Captioned web images
#####
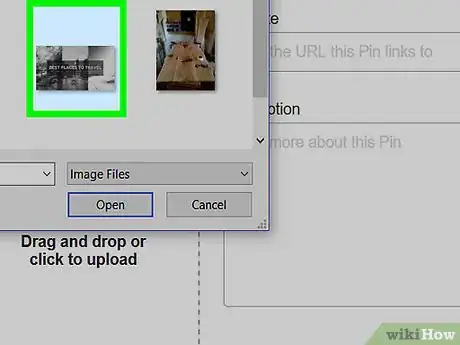 Image titled Upload Photos on Pinterest Step 5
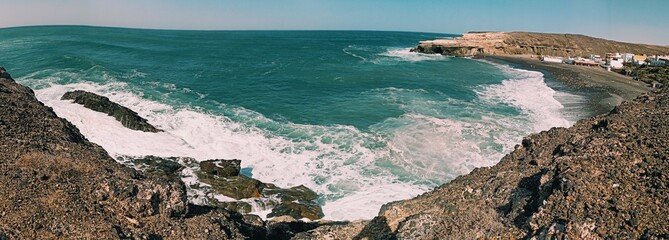 Playa de Ajuy en Fuerteventura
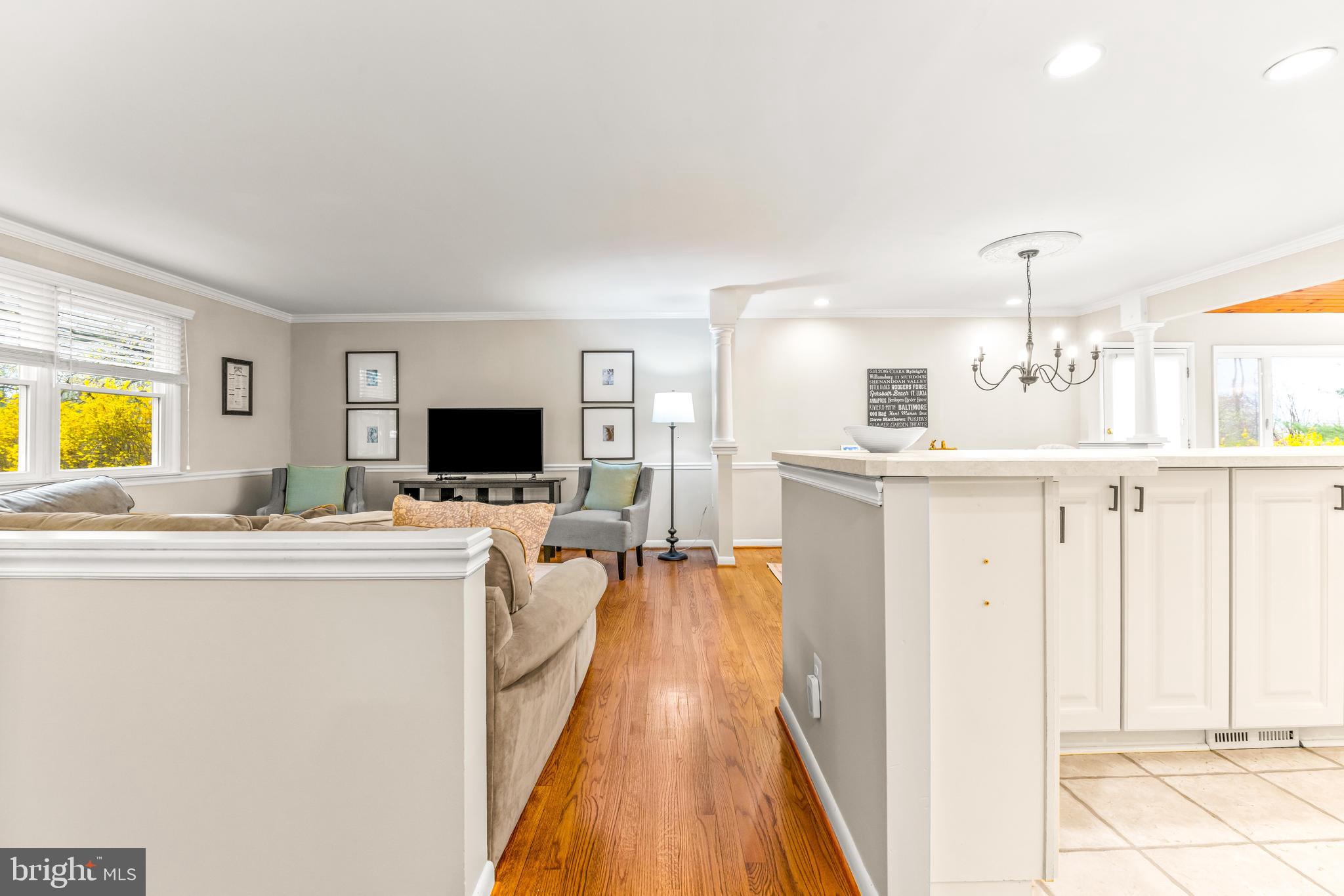 1205 Mill Creek Road Fallston, MD 21047 - Photo 7 of 53 a view of a living room kitchen and a sink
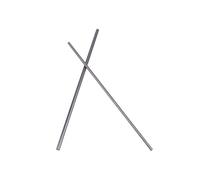 LLMWFA Varillas agitadoras largas de carbono, varillas grafito 6 pulgadas, barra agitadora crisol sólido for refinar herramientas fundición, equipo fusión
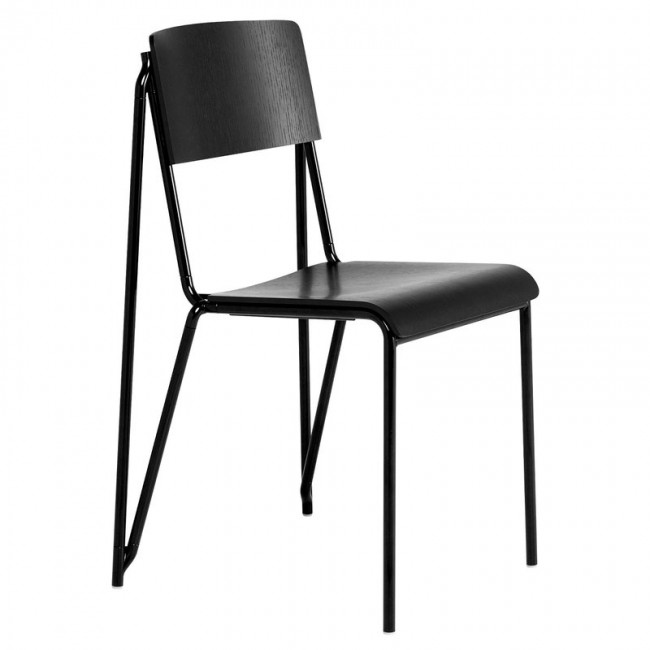 HAY 헤이 Petit Standard 의자 블랙 - HA936851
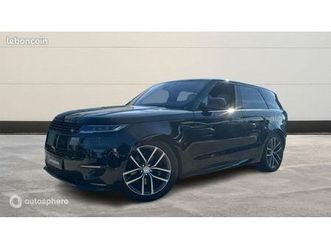 land-rover range rover sport 3.0 p510e 510ch phev first edition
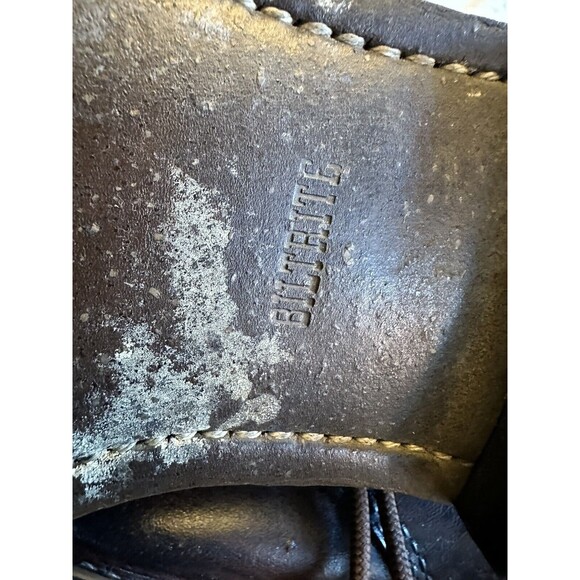 Vintage BFG Biltrite military combat boots black leather Sz 11? See Measurement main image 14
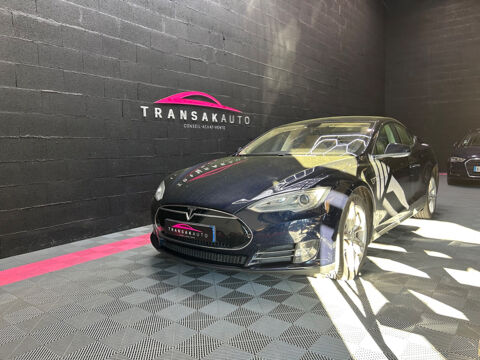 Tesla Model S MODEL S 85 kWh Performance 2014 occasion CHAPONOST 69630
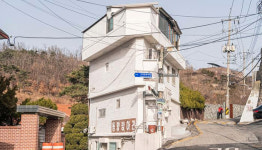 서울 청운공원 윤동주시인의언덕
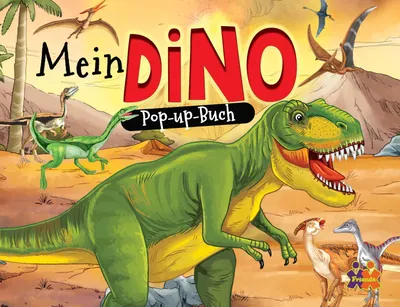 Produktbild von Mein Dino Pop-up Buch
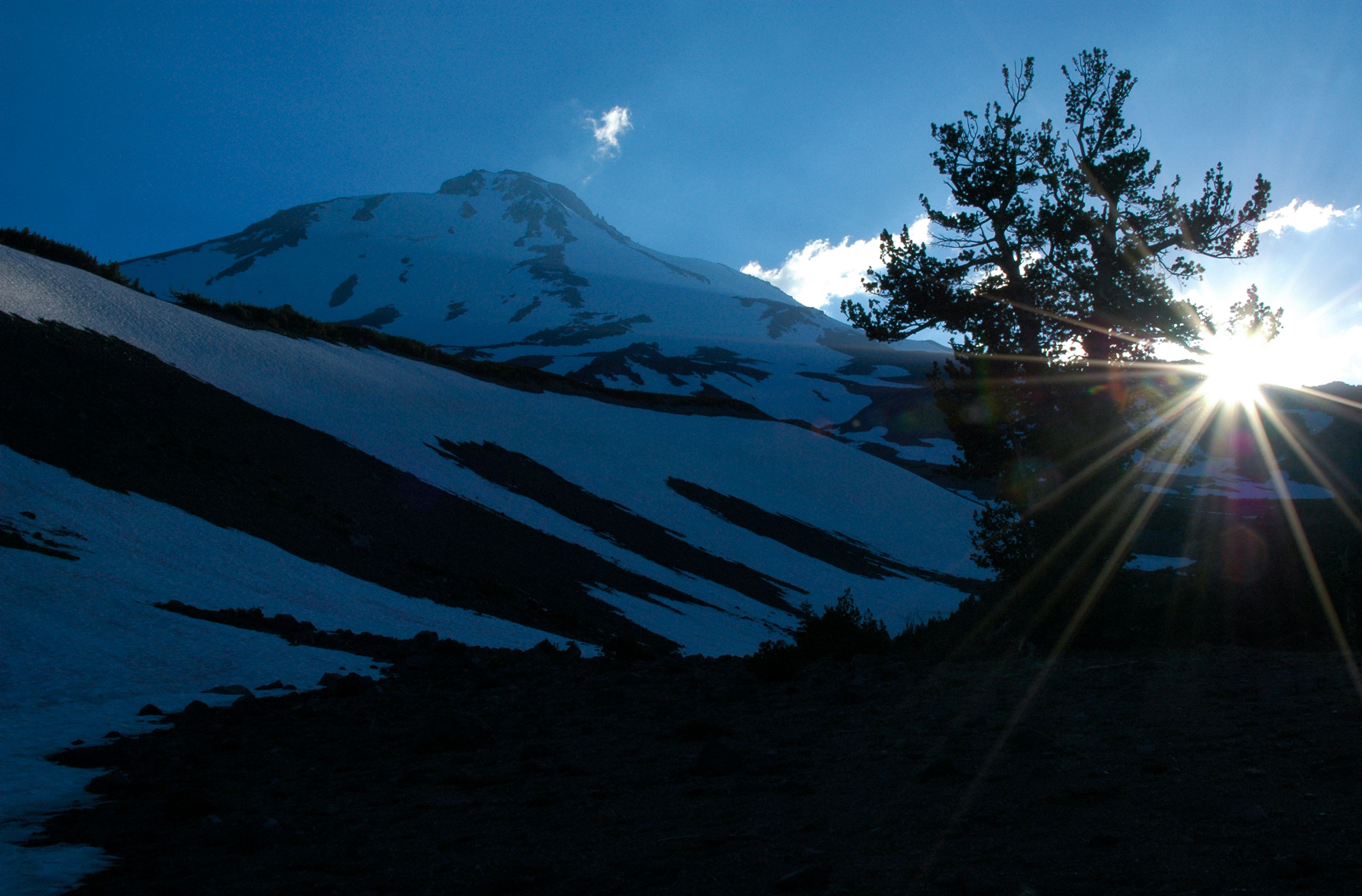 Mount Shasta's Hotlum-Wintun Ridge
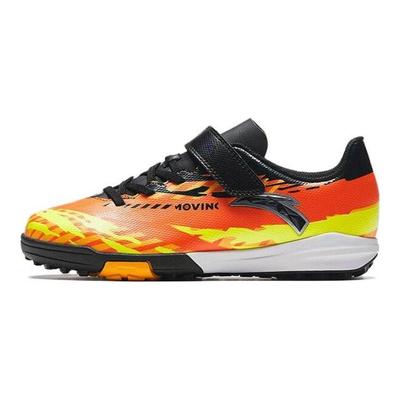 Comfortable Non-Slip Low-Top Kids Football Shoes Kids Footwear Yellow Black 312332222-3
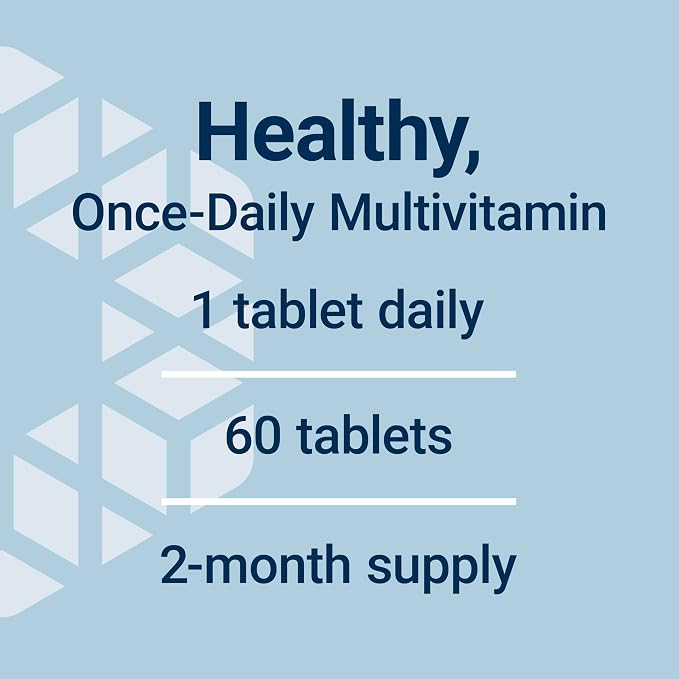 Life Extension One-Per-Day Multivitamin – Packed with Over 25 Vitamins, Minerals & Plant Extracts, Quercetin, 5-MTHF Folate & More – 1-Daily, Non-GMO, Gluten-Free – 60 Tablets (Pack of 2)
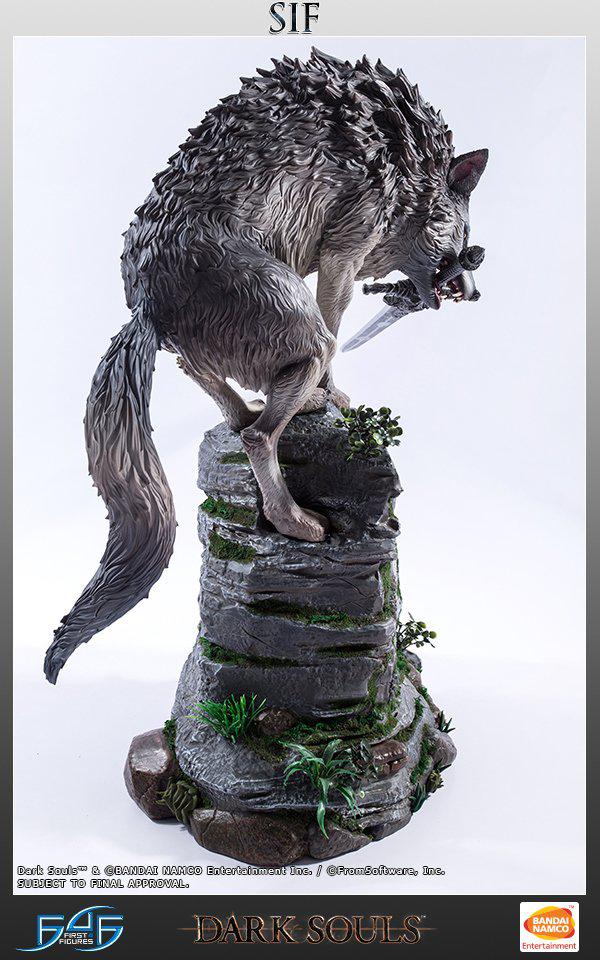 Preview: Sif, der Große Grauwolf - Dark Souls - First 4 Figures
#####
Skip the pictures. Return exactly the lines from the one containing "서울 청운공원 윤동주시인의언덕" through the end of the data above, both included, and nothing besides.

Completed task:
 서울 청운공원 윤동주시인의언덕
 Produktbild von Mein Dino Pop-up Buch
 Mount Shasta's Hotlum-Wintun Ridge
 Comfortable Non-Slip Low-Top Kids Football Shoes Kids Footwear Yellow Black 312332222-3
 Life Extension One-Per-Day Multivitamin – Packed with Over 25 Vitamins, Minerals & Plant Extracts, Quercetin, 5-MTHF Folate & More – 1-Daily, Non-GMO, Gluten-Free – 60 Tablets (Pack of 2)
 Preview: Sif, der Große Grauwolf - Dark Souls - First 4 Figures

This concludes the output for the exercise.